Narrator Frank Bascombe is a divorcee with a deceased young son and job as a sportswriter he is only marginally committed to. He hates New York where he works but his love for his quaint New Jersey suburban home borders on an obsession. Later we find him to be a bit of a ladies man and just a little self destructive maybe even completely morbid. But at the start we are really just sitting alongside the narrator as he speaks and observes.

Frank gives casual speeches about life and his unshakable view of its various facets. The book appears slow and Frank needs to be tolerated more than understood. Then, finally, as the quote on the back cover promised and yes, I read those and worry how much they plant in my head, the Ford pushes dialogue to the forefront. And the words in here are truly great. The outer characters speak to the narrator in more than common voices. We are given hyper-real snapshots of conversations. In these exchanges a spiral begins. The hook that pulls through Ford’s story is set. Frank is slowly revealed as a fraud, well, a gently unraveling one, and instead of tolerating his voice you wait again for it to be exposed by one of the lives that glance off his own.

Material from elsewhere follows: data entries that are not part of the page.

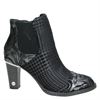 Mustang - Rits- & gesloten boots - Grijs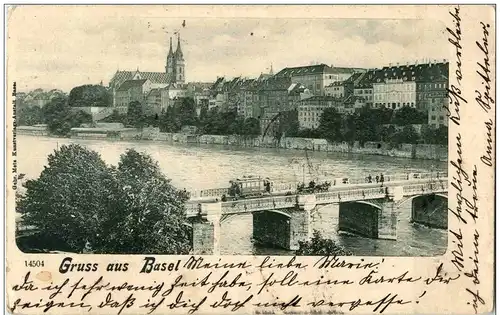 Gruss aus Basel -132568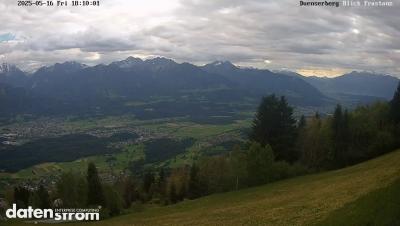 Seilbahn Schnifisberg - Frastanz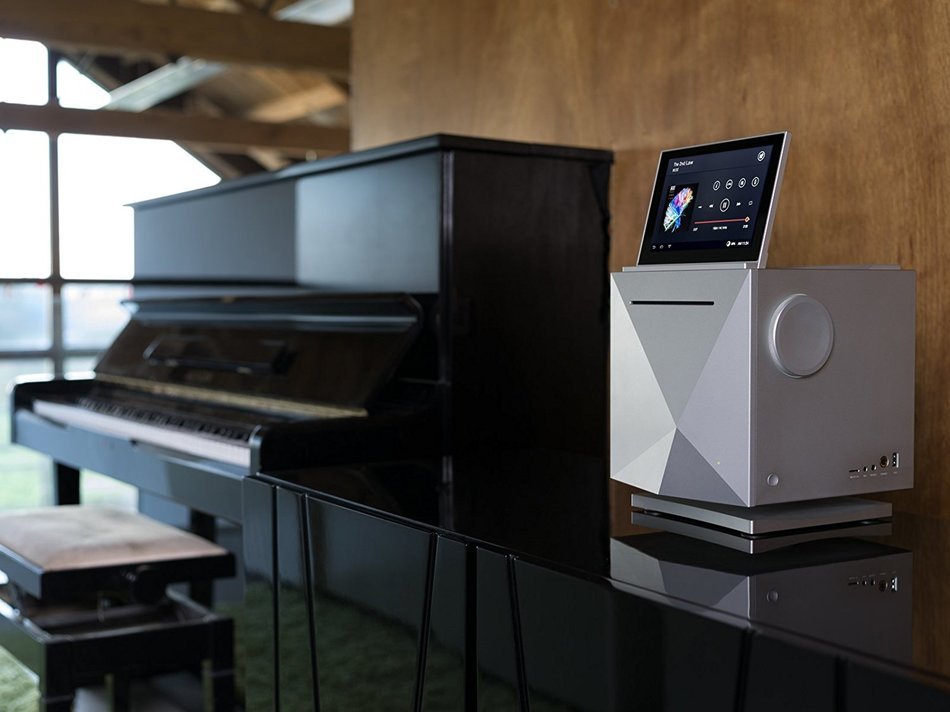 Astell&Kern AK500N The Ultimate MQS High Resolution Network Audio Player (1TB) with AKT5P Limited Edition Beyerdynamic... N3
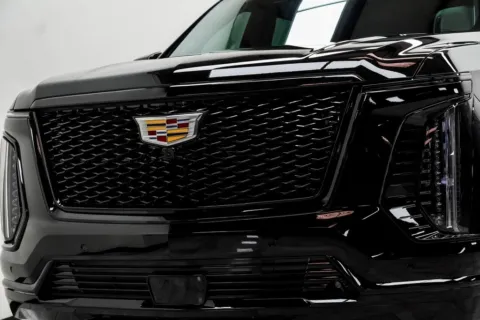 Photos of 2026 Cadillac Escalade Platinum Sport for sale in Marietta, GA at Grand Motorcars Marietta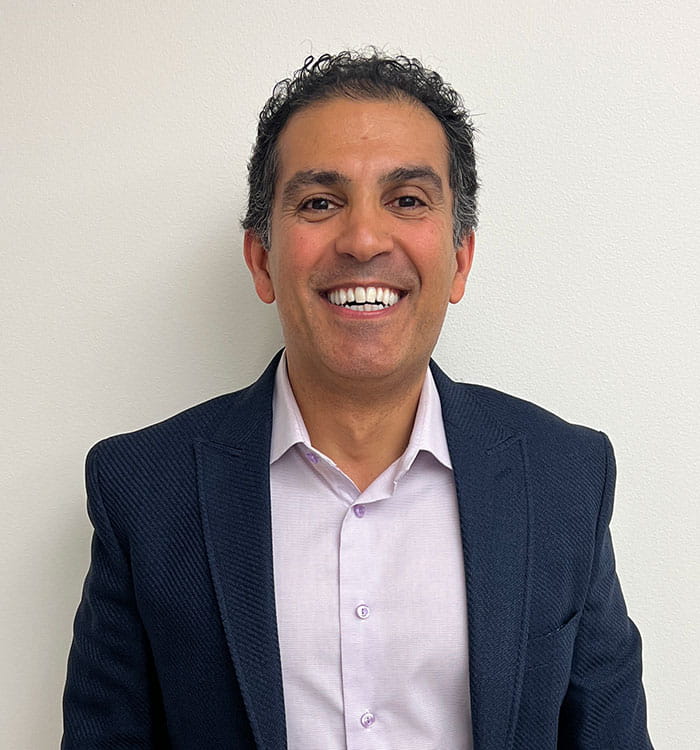 Ali Khalili, MD
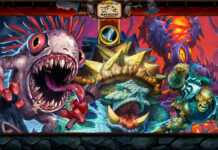 Обзор Н’Зот Раш Воина с бешенством от Meati из топ-5 Легенды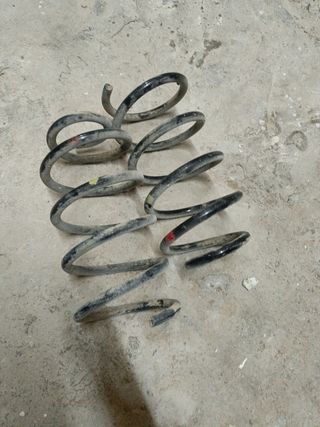 Muelles delanteros mercedes vito w638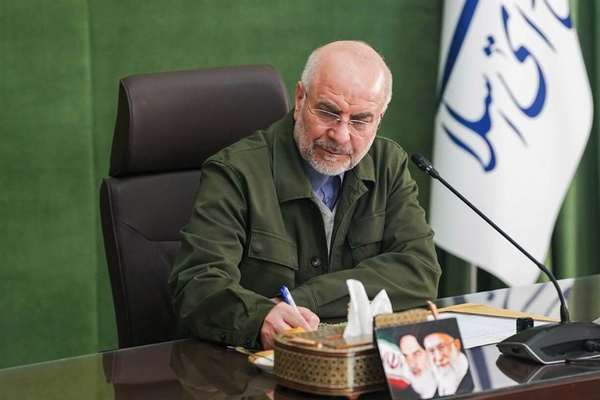 Ghalibaf and Trump escalate rhetoric as prospects for talks remain vague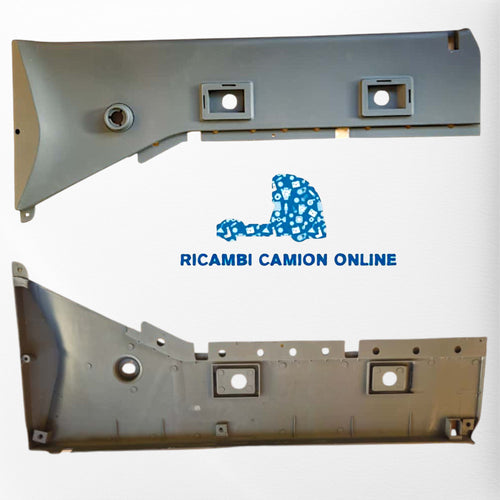 038- 10/11 RIVESTIMENTO PANNELLO INTERNO PORTA CABINA SINISTRO / DESTRO IVECO NEW DAILY 35-8 35-10 35-12 49-12 59-12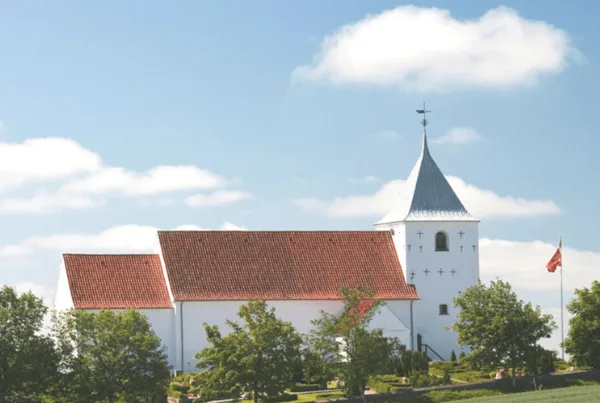 Billede af kirke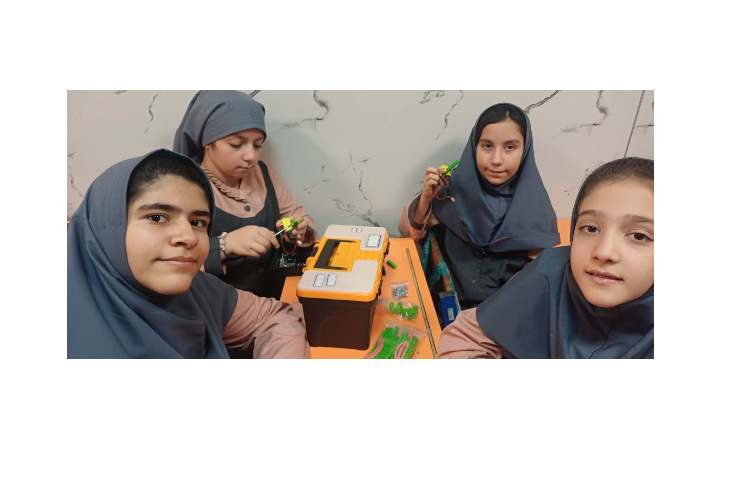 زنگ رباتیک 1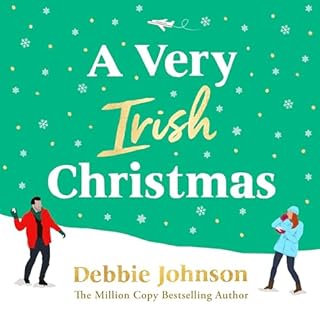 A Very Irish Christmas Audiolibro Por Debbie Johnson arte de portada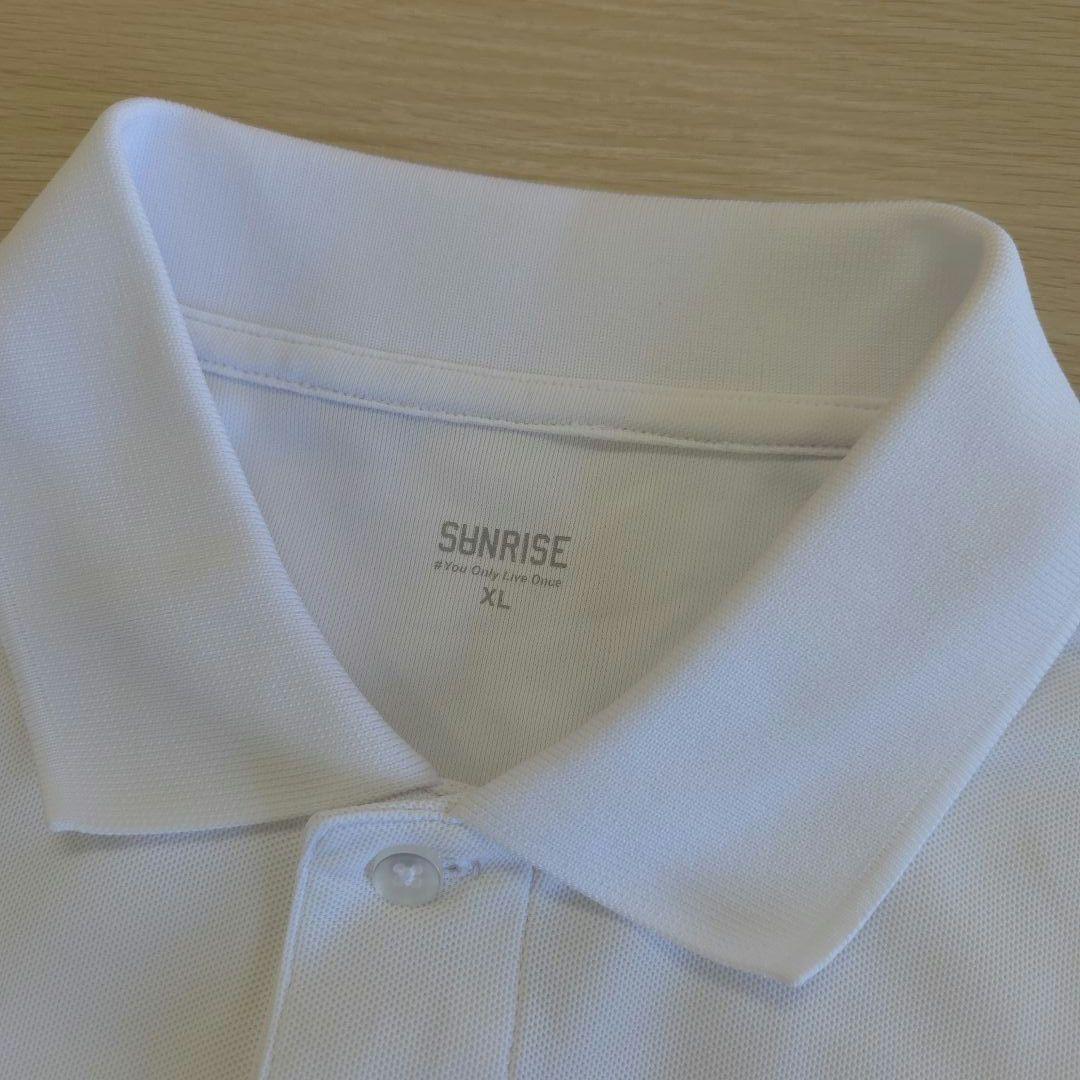 SUNRISE コラボポロシャツ 2枚セット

Frank goes on giving speeches, to himself, justifying his ways. His reminiscences dig up raw material for the walls he builds up around himself. The fortress is clearly crumbling. His descent is slow, there are no real disasters along the way, yet we keep on waiting for that big one, for something to hit Frank and wake him up or knock him down. We trudge along listening to him talk. We tour the suburbs at his side, to awkward Easter dinners, to roadside psychics and strip malls and through strained visits with his ex-wife. When tragedy finally arrives Frank, true to himself, does not admit how ugly things really are. This truth of character may be the real accomplishment of the book.

I’m not going to say Ford transcends the other writers I put him in league with. I haven’t changed my feeling about that made up category. I cannot think of another time when pure frustration pulled me through a novel and I was happy with it doing so. Like I said, it took me a while to get through and though there were times when I felt that energy of being carried by the prose, each time I set it down I had to work back into it again.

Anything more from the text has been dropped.